Data Model

HTSQL is not a full-fledged database system. As opposed to regular data stores, it does not include a storage layer, but relies on a SQL database server to physically store and retrieve data.

HTSQL is designed to work on top of existing relational databases and does not impose any restrictions on how information is modeled and stored there. At the same time, HTSQL works best when the data in the database is highly normalized.

Even though HTSQL wraps a relational database, it does not expose the relational model directly to the users. Instead it derives HTSQL data model from the underlying database and uses this model when presenting data to the users and interpreting user queries. HTSQL data model is very close to traditional network data model utilized by CODASYL and various OODBMS and ORM systems.

In the next sections, we describe HTSQL data model and how it is inferred from the relational model of the underlying database.

Model and Instances

When describing how information is represented by HTSQL, we differentiate between a database model and a database instance.

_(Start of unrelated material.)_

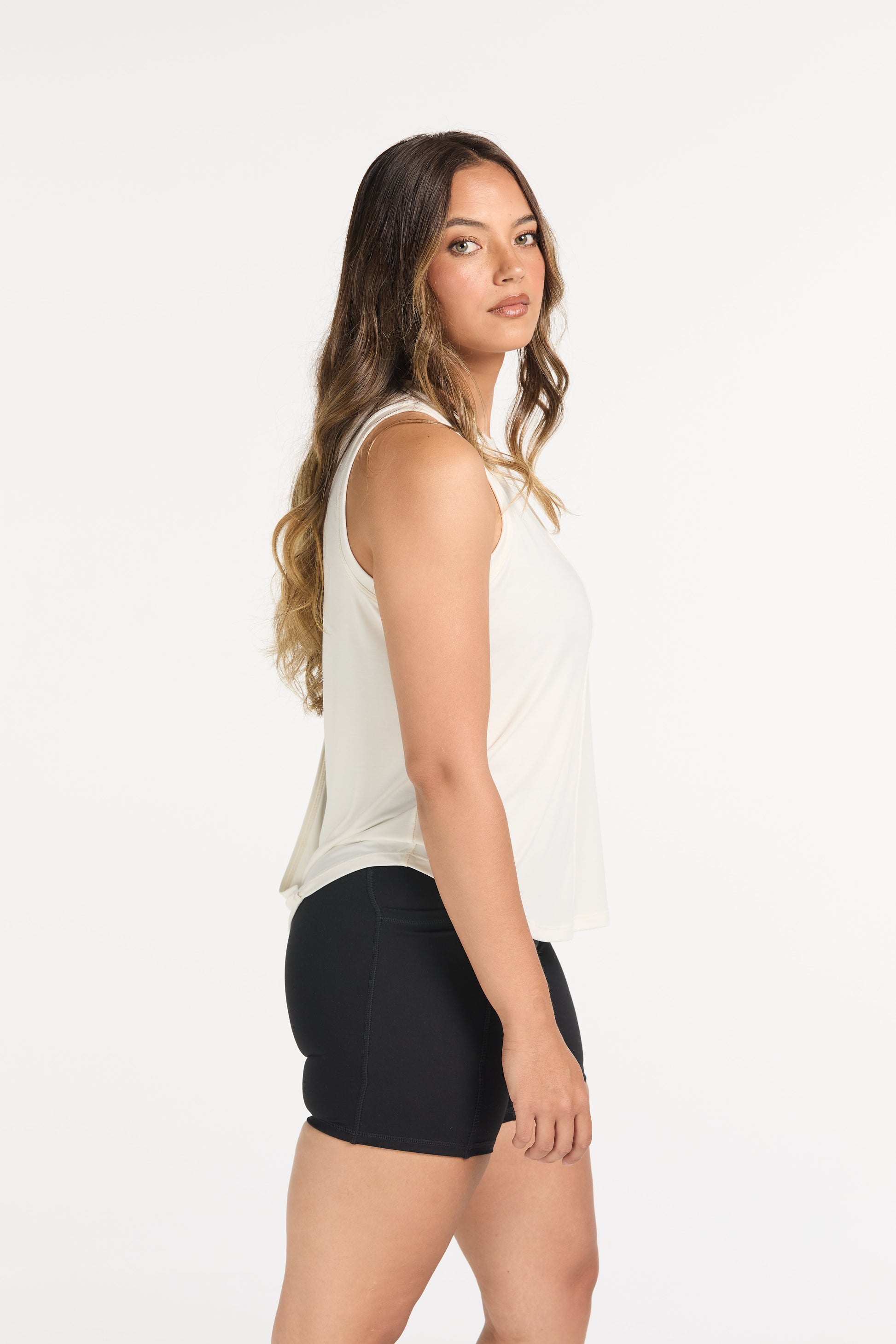 ESSENTIALS OPEN BACK TANK WHITE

A database model specifies the structure of the database: what types of business entities are represented and how the entities may relate to each other. A database instance is the actual data in the database and must satisfy the constraints imposed by the model. The difference between a model and an instance is the difference between the shape of data and data itself.

Let’s consider the model of a student enrollment system in a fictional university. This model may contain schools, programs administered by a school, departments associated with a school, and courses offered by a department. A concrete instance of this model may contain a school of Engineering with an associated department of Computer Science, which offers a Database Theory course, etc.:

Model Graph

HTSQL represents a database model as a directed graph, or a collection of nodes connected by arrows.

A model graph may contain several types of nodes:

  • A domain node represents a scalar data type such as boolean, integer, string, date.
  • A class node represents a collection of homogeneous business entities. For instance, a student enrollment database may contain classes for school, program, department, and course entities.
  • Each model graph contains one instance of a unit node. The unit serves as an origin node when we construct paths in the model graph.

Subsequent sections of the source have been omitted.